▶ _Your goal_
Exercise in exact copying: restate word for word only the lines below from the one containing "10-kadikoy-cevre-festivali-ozgurluk-parkinda-gerceklesti.jpg" through the one containing "WebTCg𗧂グǁACEXVłȂ...", omitting any pictures.

▶ _Data records_
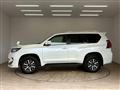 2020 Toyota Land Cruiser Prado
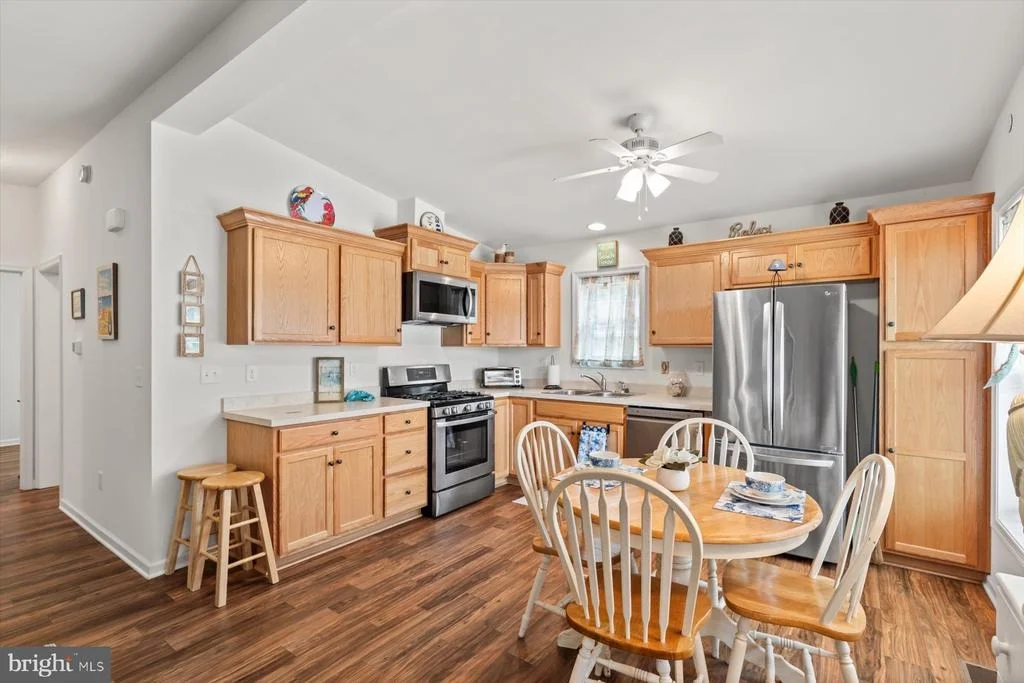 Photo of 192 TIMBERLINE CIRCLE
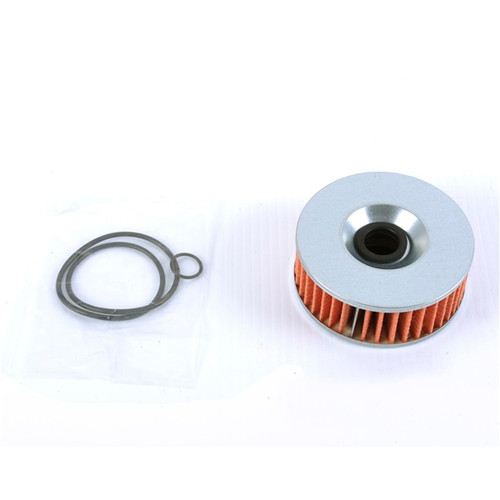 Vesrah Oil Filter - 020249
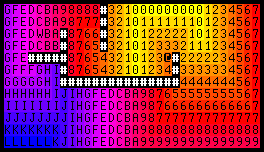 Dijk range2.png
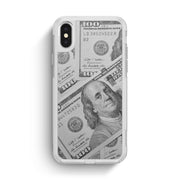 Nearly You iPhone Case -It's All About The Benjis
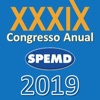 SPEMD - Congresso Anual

* * *

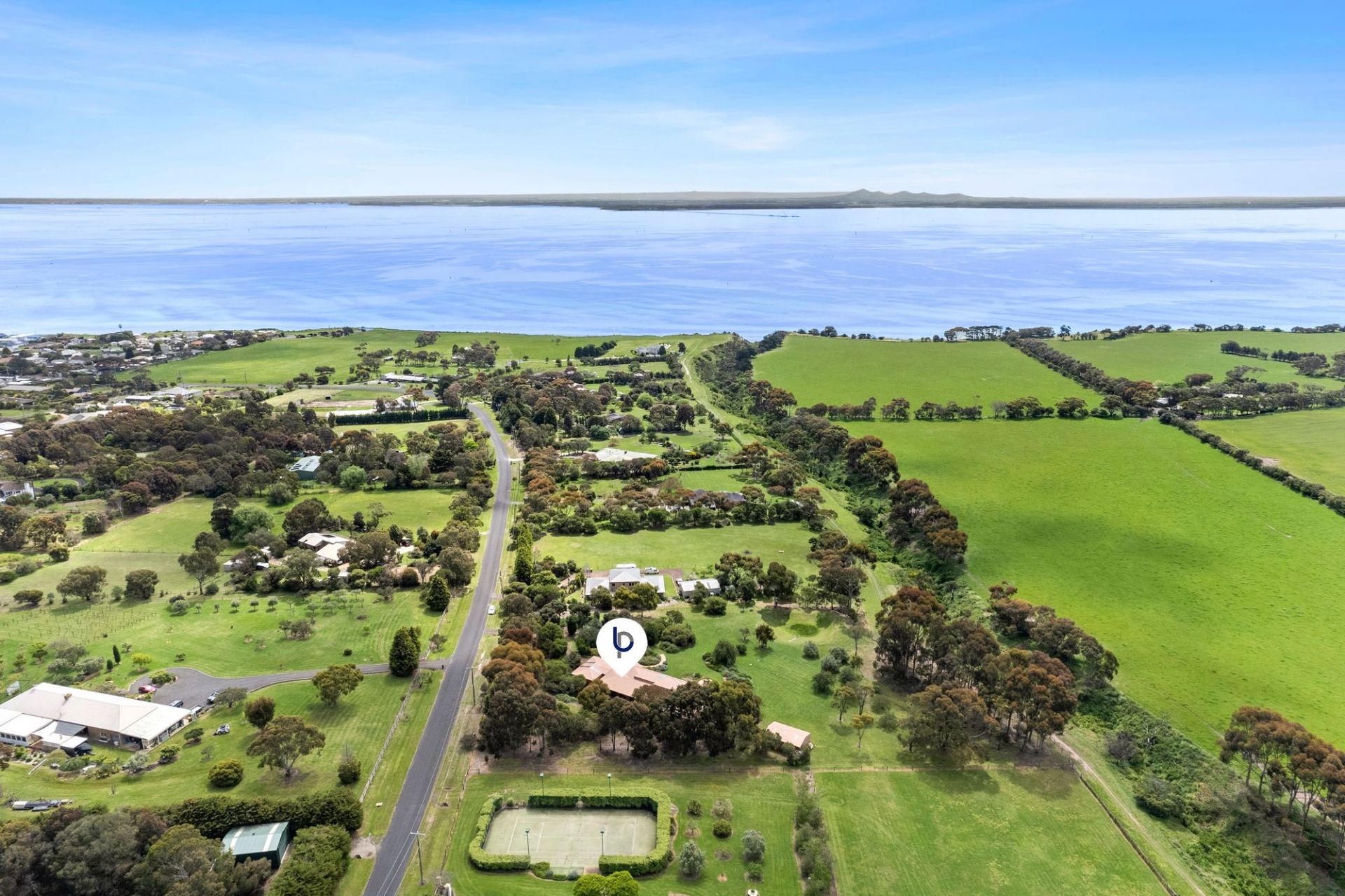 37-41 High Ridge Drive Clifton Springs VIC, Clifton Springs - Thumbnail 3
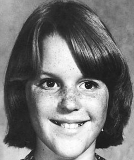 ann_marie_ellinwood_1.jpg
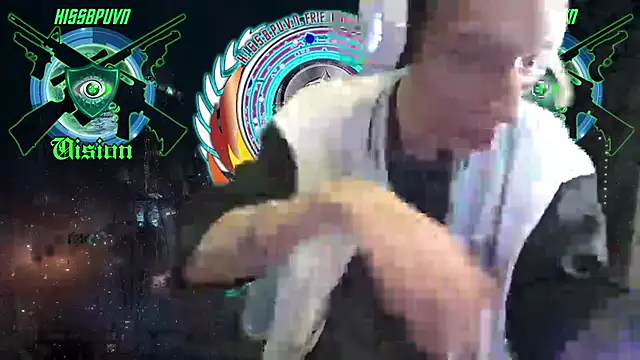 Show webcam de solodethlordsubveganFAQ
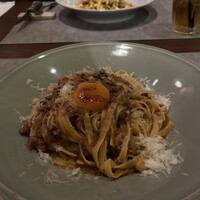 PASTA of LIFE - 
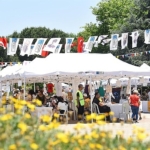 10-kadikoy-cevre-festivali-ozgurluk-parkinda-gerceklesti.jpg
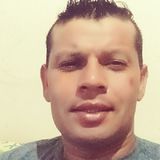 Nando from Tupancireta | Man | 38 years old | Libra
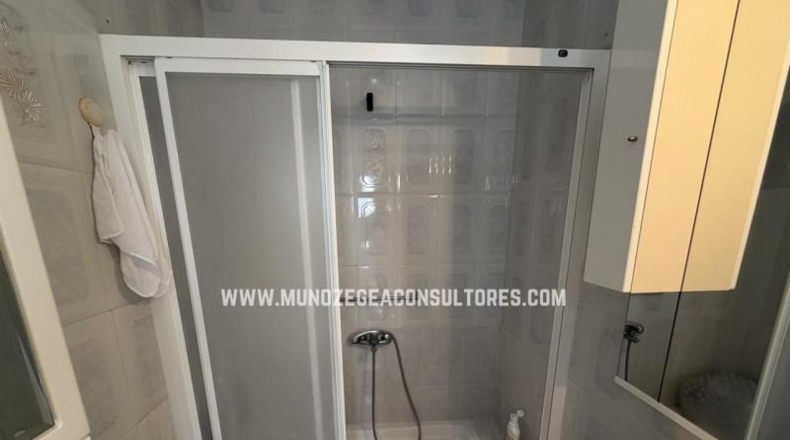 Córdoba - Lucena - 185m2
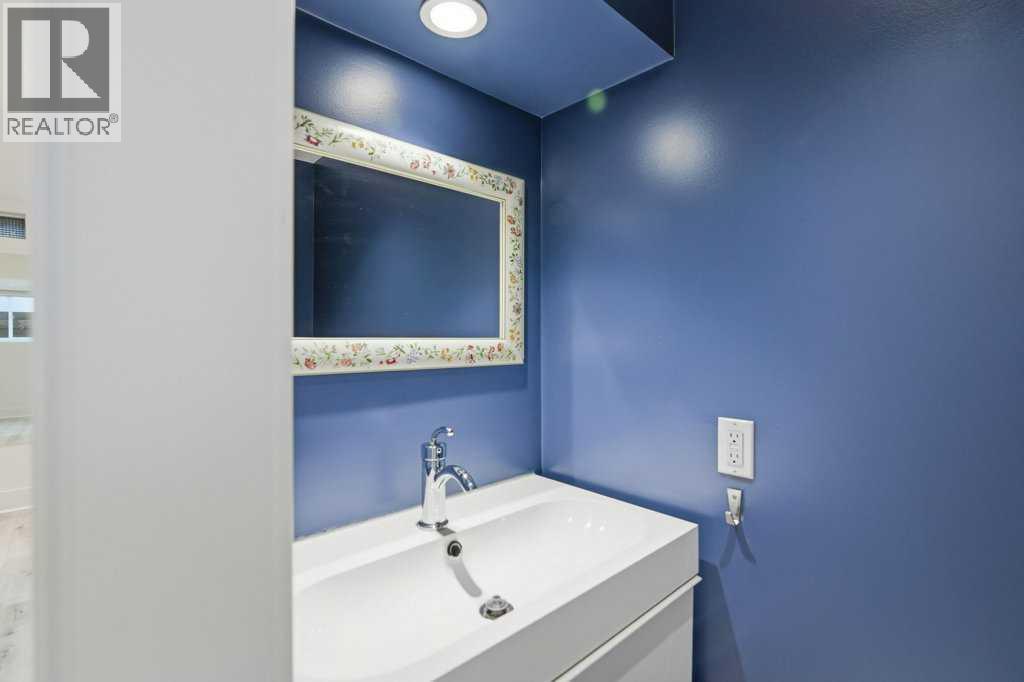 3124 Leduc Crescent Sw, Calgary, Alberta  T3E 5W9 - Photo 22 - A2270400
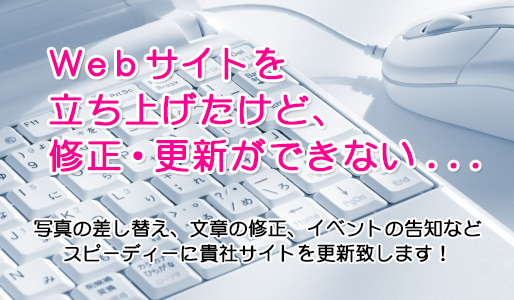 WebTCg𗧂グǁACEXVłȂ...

---

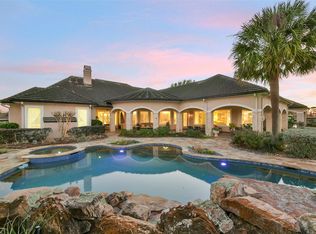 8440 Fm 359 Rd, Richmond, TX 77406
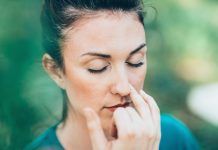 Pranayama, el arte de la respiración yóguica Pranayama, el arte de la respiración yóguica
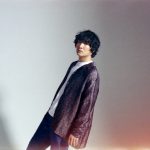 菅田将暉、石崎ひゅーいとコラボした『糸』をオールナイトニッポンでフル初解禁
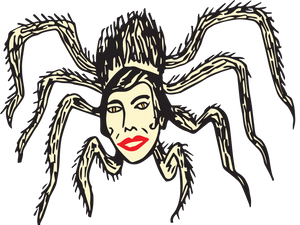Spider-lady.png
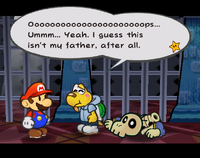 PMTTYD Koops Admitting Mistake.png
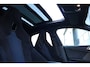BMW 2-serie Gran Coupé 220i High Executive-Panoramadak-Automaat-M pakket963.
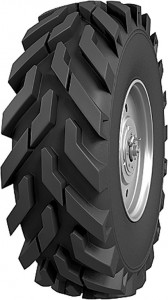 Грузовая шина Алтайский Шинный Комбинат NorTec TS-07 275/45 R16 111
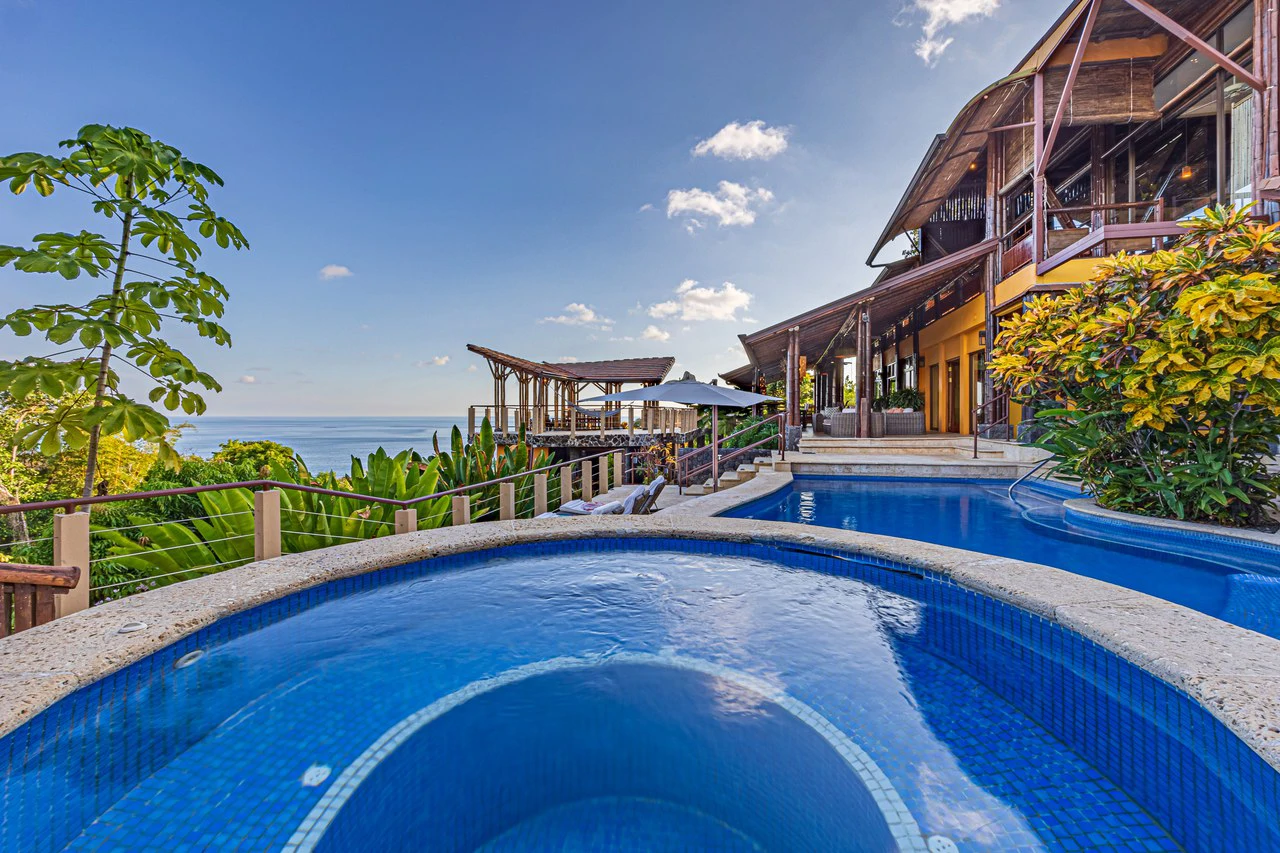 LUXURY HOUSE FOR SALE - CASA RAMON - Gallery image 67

▶ _Solution for this task_
 10-kadikoy-cevre-festivali-ozgurluk-parkinda-gerceklesti.jpg
 Nando from Tupancireta | Man | 38 years old | Libra
 Córdoba - Lucena - 185m2
 3124 Leduc Crescent Sw, Calgary, Alberta  T3E 5W9 - Photo 22 - A2270400
 WebTCg𗧂グǁACEXVłȂ...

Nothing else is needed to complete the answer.